GSA 2020 Connects Online

Paper No. 241-7
Presentation Time: 11:35 AM


VELÁZQUEZ SANTANA, Liannie C.1, MCLEOD, Claire L.1 and BUCHOLZ, Claire E.2, (1)Department of Geology and Environmental Earth Science, Miami University, 250 S. Patterson Ave., Oxford, OH 45056, (2)Division of Geological and Planetary Sciences, California Institute of Technology, Mail Code 170-25, 1200 E. California Blvd., Pasadena, CA 91125

Sulfur (S) plays an important role during magmatic differentiation as it works to regulate the partitioning of metals into sulfide phases (or vapor) and the redox state of magmas. However, the extent of sulfide fractionation during arc magma differentiation remains uncertain. Previous studies have determined the S budget of arc magmatic systems by analyzing melt inclusions, submarine glasses, or volcanic gas emissions. As these records of S can be affected by crustal processes (e.g., degassing, differentiation), these approaches can underestimate the concentration of dissolved S in primary arc basalts. At continental arcs, magmas are typically transported through a thick crustal column (up to ~75 km in the case of the Central Andes). This has the potential to significantly overprint primary S signatures. To quantify the primary S contents and isotopic composition of near primary arc basalts, this study investigates the petrological, textural, chemical, and S isotopic characteristics of sulfides in mid- to lower- crustal hornblendite cumulates from the Central Andean continental arc.

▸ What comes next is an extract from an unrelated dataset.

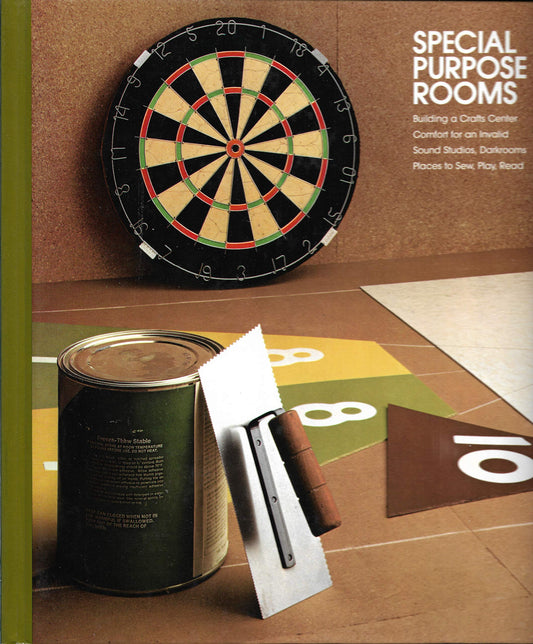 Special Purpose Rooms (Home Repair and Improvement)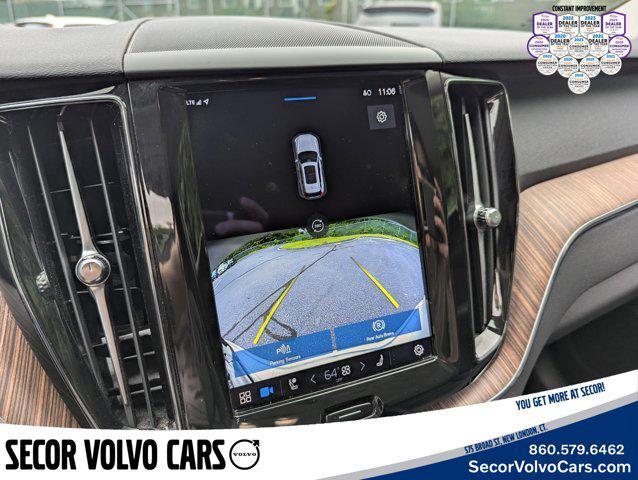 used 2023 Volvo XC60 car, priced at $37,495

As their bulk-rock Mg# ranges from 67 to 70 (n=7) and crystallization depth is ~50-55 km, the hornblendites are ideal for interrogating early magmatic-crustal processes associated with sulfide fractionation at arcs. A detailed mineralogical and textural characterization of the sulfide phases will first be carried out via scanning electron microscopy (SEM). Initial backscattered electron (BSE) imaging highlights the prevalent distribution of the sulfides throughout the hornblendites, particularly as inclusions in hornblende and titanomagnetite. Sulfides characterized to date range in size from 5 to 40 µm and are of a prismatic, acicular, and euhedral nature. These initial characterizations will serve as the framework for future in-situ S isotopic analyses via secondary ion mass spectrometry (SIMS). Collectively, this work will evaluate the extent of the fractionation of sulfide phases at mid- to lower- crustal depths and its influence on the S budget of continental arc magmas.